_Supplied data:_
......

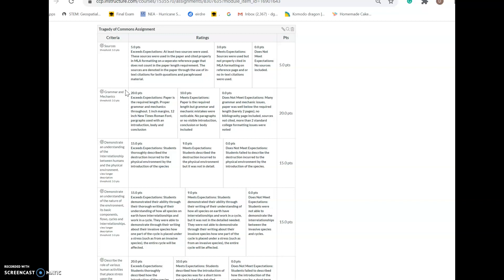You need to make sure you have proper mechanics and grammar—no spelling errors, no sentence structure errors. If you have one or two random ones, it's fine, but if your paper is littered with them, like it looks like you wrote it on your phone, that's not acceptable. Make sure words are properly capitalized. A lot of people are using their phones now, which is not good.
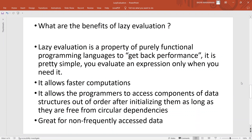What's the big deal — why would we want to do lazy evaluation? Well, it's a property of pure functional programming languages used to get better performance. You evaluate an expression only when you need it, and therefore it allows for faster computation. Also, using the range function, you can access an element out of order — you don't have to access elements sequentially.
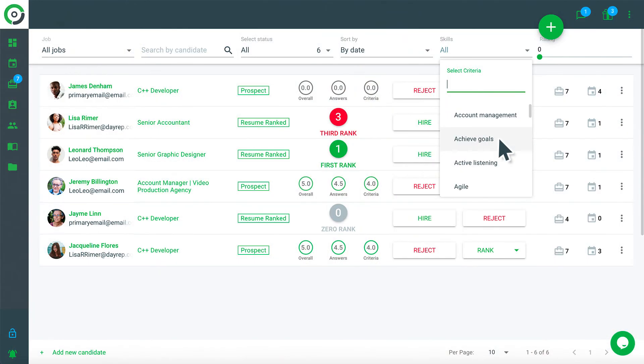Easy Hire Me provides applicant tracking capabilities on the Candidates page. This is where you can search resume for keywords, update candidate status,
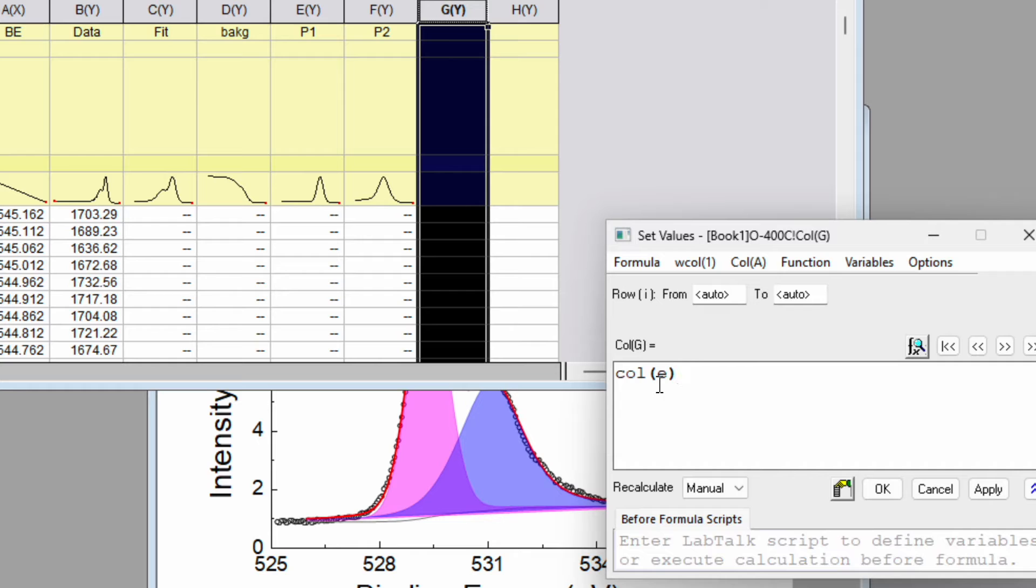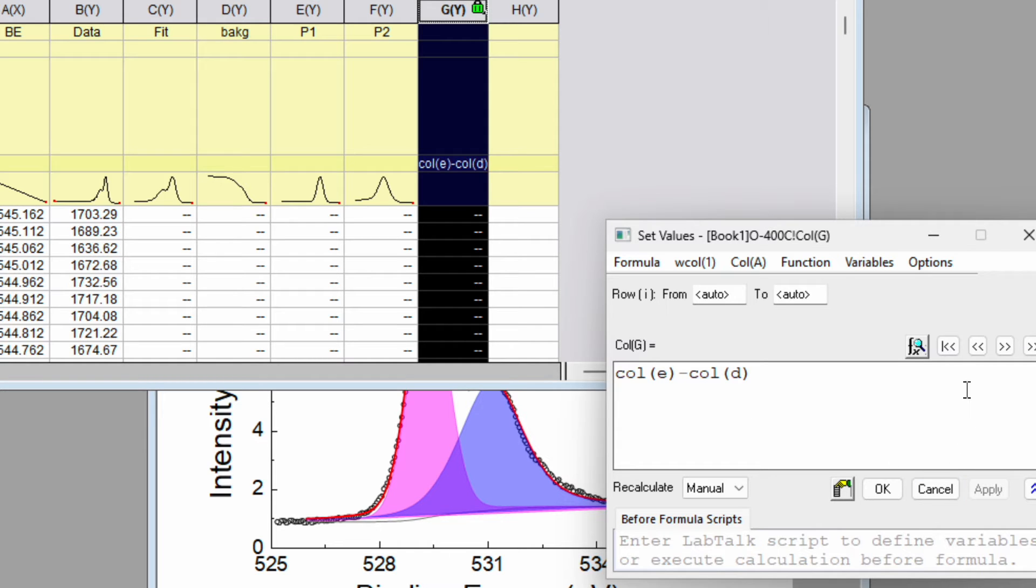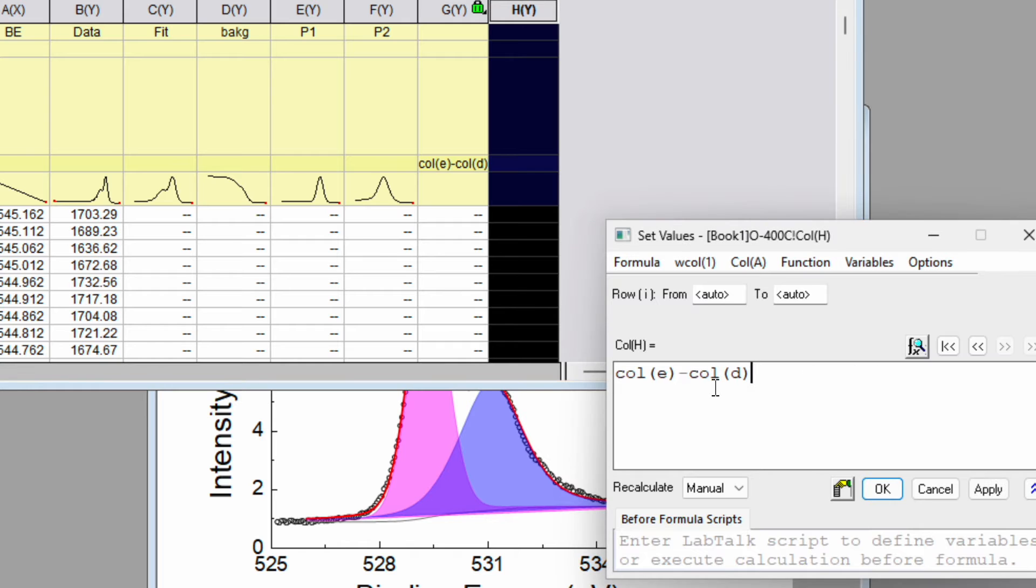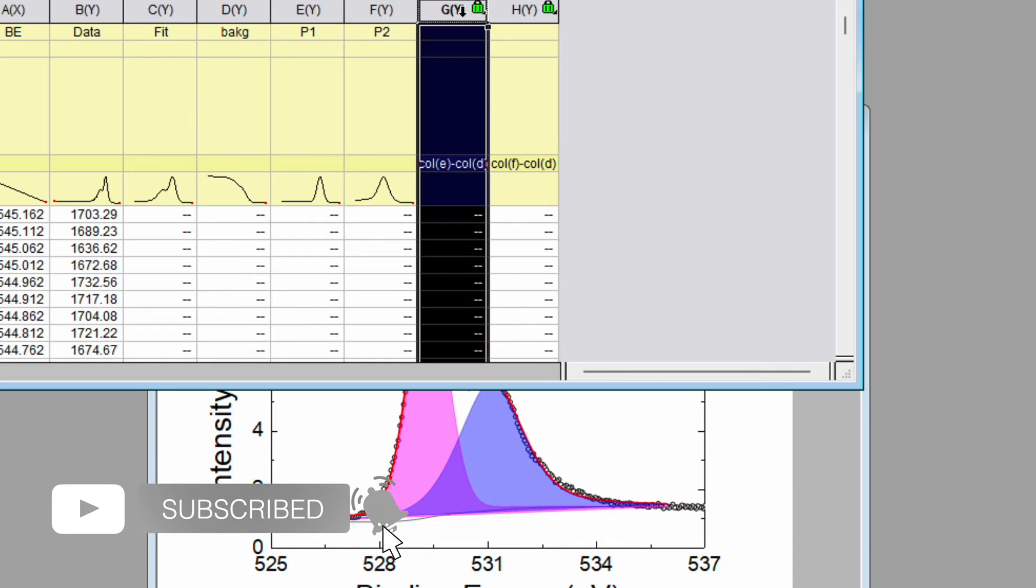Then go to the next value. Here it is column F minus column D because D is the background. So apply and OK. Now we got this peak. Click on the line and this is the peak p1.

......

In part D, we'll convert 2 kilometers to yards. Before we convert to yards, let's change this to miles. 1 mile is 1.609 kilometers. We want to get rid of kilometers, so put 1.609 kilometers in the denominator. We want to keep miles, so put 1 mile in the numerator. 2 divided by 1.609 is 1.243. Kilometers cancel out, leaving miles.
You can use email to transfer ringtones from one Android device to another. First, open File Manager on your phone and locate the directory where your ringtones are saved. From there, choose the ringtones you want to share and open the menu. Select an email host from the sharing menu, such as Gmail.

......

_What is being asked:_ In the listing above, find the line containing "You need to" and the line containing "Then go to the", then write out both of them and every line between, exactly, with no pictures.

_Your response:_
You need to make sure you have proper mechanics and grammar—no spelling errors, no sentence structure errors. If you have one or two random ones, it's fine, but if your paper is littered with them, like it looks like you wrote it on your phone, that's not acceptable. Make sure words are properly capitalized. A lot of people are using their phones now, which is not good.
What's the big deal — why would we want to do lazy evaluation? Well, it's a property of pure functional programming languages used to get better performance. You evaluate an expression only when you need it, and therefore it allows for faster computation. Also, using the range function, you can access an element out of order — you don't have to access elements sequentially.
Easy Hire Me provides applicant tracking capabilities on the Candidates page. This is where you can search resume for keywords, update candidate status,
Then go to the next value. Here it is column F minus column D because D is the background. So apply and OK. Now we got this peak. Click on the line and this is the peak p1.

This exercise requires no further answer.